The Centre has only itself to blame for the Supreme Court decision to set up a three-member committee headed by retired judge Justice R V Ravindran to study and report to the court the issue related to the use of the Israeli spyware Pegasus. The government had ample time to take the court into confidence on the circumstances in which the spyware was obtained and used against political leaders, officials, judges and journalists. Reports suggested that a considerable sum of money was spent on obtaining the spyware and targeting the persons concerned. Instead of revealing the truth, the government has been raising the bogey of national security.

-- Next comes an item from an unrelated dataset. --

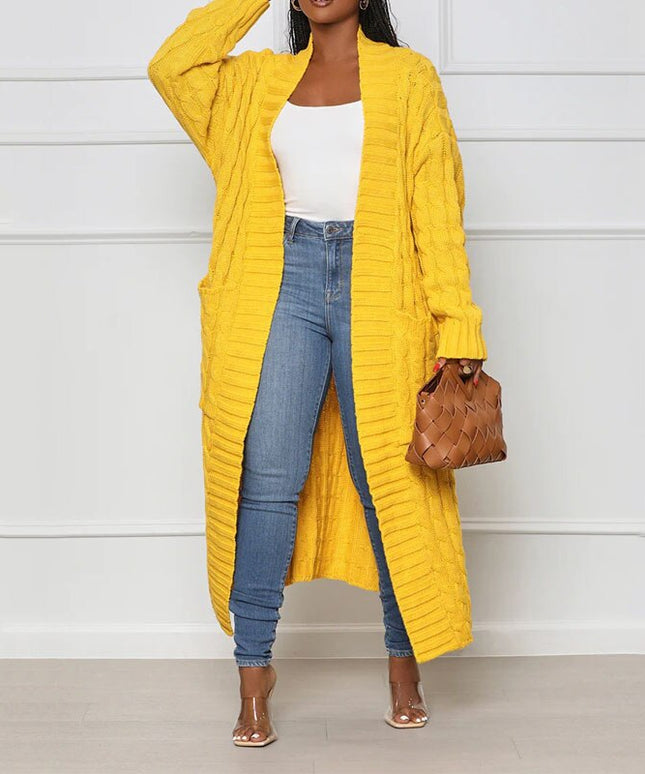 Damski sweter typu kardigan w ozdobną fakturę długości do kostek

As the apex court itself found, the affidavit the government filed hid more than it revealed. Information could not be denied on the grounds of national security. The money for buying and using the spyware was obtained from the national exchequer and the people had a right to know whether it was used for the right purposes.
Of course, nobody — not even the Supreme Court — would like to know the modus operandi used by the security agencies to fight terrorists. The government is within its rights to argue that national security prevented it from disclosing all the details. But why on earth should it use the spyware against law-abiding citizens?

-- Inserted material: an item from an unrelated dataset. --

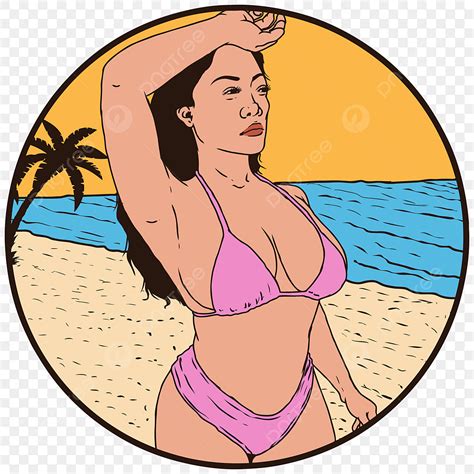 Bikini Beach Clipart PNG Images Pink Bikini Girl Walking On The Beach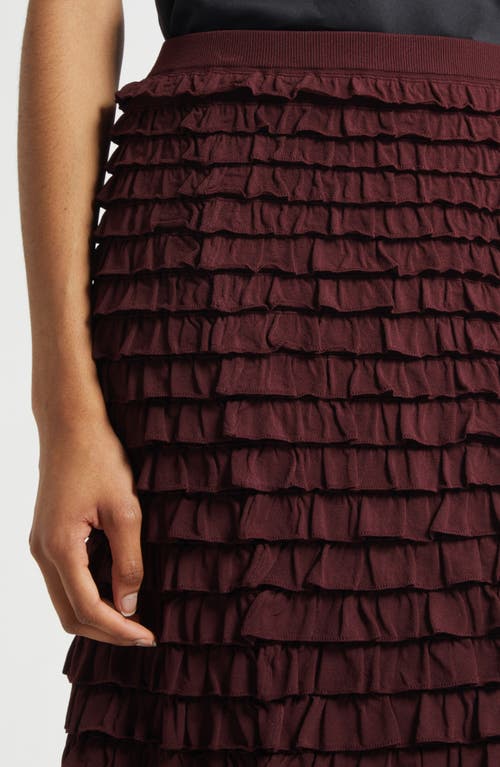 Ulla Johnson Mimi Tiered Ruffled Jersey Midi Skirt In Brown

When the present government came to power, it promised transparency. There can be no denying that it is the surest and finest way to fight corruption. In the case of Pegasus, the software was developed by another country and the people have genuine fears that the data it collected might be stored or used by foreign agencies.
When the first Pinarayi Vijayan government entered into an agreement with the American data firm Sprinklr, owned by a person of Indian origin, the BJP was at the forefront of opposing it for fear that data about public health would be misused by the firm. Political parties like the BJP relented only when the agreement was finally cancelled.
The right to privacy is non-negotiable in any civilised society. The fundamental rights the Constitution guarantees make it even inviolable. It is this right that has been trampled upon in the case of the victims of Pegasus. And yet the government has been evading criticism leaving people to conclude that it had more to hide than to reveal. One hopes that the court-appointed committee would unravel the mysteries of Pegasus and issue the right direction to the government.